→ **To do**:
Every entry is to be written out word for word.

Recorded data
--------------------------------
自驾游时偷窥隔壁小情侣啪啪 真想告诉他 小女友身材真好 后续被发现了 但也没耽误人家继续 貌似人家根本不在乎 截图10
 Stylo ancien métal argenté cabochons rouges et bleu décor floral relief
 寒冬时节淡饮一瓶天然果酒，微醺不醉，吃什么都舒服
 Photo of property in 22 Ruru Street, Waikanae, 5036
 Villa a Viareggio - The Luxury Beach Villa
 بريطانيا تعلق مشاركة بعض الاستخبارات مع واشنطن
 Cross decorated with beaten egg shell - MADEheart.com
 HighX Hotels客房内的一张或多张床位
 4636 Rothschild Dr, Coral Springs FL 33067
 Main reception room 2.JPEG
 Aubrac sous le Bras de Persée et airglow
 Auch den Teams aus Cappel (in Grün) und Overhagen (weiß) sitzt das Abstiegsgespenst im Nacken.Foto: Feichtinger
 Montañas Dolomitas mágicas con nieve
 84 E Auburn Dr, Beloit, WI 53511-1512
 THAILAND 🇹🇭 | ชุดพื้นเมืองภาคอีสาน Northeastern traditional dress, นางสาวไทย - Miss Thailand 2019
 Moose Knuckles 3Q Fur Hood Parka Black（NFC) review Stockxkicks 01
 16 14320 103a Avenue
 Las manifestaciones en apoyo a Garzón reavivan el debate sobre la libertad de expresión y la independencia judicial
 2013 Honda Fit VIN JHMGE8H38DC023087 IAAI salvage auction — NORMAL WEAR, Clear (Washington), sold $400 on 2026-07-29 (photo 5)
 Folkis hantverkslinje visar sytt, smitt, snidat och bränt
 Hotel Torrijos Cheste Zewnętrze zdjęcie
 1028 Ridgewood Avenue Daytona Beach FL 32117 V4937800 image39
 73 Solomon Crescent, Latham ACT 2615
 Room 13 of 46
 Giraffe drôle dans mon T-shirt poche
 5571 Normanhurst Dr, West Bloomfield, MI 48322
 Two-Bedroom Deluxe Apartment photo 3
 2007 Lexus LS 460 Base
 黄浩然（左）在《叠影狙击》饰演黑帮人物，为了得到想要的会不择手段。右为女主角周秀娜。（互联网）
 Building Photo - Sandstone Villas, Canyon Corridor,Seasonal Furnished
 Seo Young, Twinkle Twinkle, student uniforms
--------------------------------
→ **Solution to this task**:
自驾游时偷窥隔壁小情侣啪啪 真想告诉他 小女友身材真好 后续被发现了 但也没耽误人家继续 貌似人家根本不在乎 截图10
 Stylo ancien métal argenté cabochons rouges et bleu décor floral relief
 寒冬时节淡饮一瓶天然果酒，微醺不醉，吃什么都舒服
 Photo of property in 22 Ruru Street, Waikanae, 5036
 Villa a Viareggio - The Luxury Beach Villa
 بريطانيا تعلق مشاركة بعض الاستخبارات مع واشنطن
 Cross decorated with beaten egg shell - MADEheart.com
 HighX Hotels客房内的一张或多张床位
 4636 Rothschild Dr, Coral Springs FL 33067
 Main reception room 2.JPEG
 Aubrac sous le Bras de Persée et airglow
 Auch den Teams aus Cappel (in Grün) und Overhagen (weiß) sitzt das Abstiegsgespenst im Nacken.Foto: Feichtinger
 Montañas Dolomitas mágicas con nieve
 84 E Auburn Dr, Beloit, WI 53511-1512
 THAILAND 🇹🇭 | ชุดพื้นเมืองภาคอีสาน Northeastern traditional dress, นางสาวไทย - Miss Thailand 2019
 Moose Knuckles 3Q Fur Hood Parka Black（NFC) review Stockxkicks 01
 16 14320 103a Avenue
 Las manifestaciones en apoyo a Garzón reavivan el debate sobre la libertad de expresión y la independencia judicial
 2013 Honda Fit VIN JHMGE8H38DC023087 IAAI salvage auction — NORMAL WEAR, Clear (Washington), sold $400 on 2026-07-29 (photo 5)
 Folkis hantverkslinje visar sytt, smitt, snidat och bränt
 Hotel Torrijos Cheste Zewnętrze zdjęcie
 1028 Ridgewood Avenue Daytona Beach FL 32117 V4937800 image39
 73 Solomon Crescent, Latham ACT 2615
 Room 13 of 46
 Giraffe drôle dans mon T-shirt poche
 5571 Normanhurst Dr, West Bloomfield, MI 48322
 Two-Bedroom Deluxe Apartment photo 3
 2007 Lexus LS 460 Base
 黄浩然（左）在《叠影狙击》饰演黑帮人物，为了得到想要的会不择手段。右为女主角周秀娜。（互联网）
 Building Photo - Sandstone Villas, Canyon Corridor,Seasonal Furnished
 Seo Young, Twinkle Twinkle, student uniforms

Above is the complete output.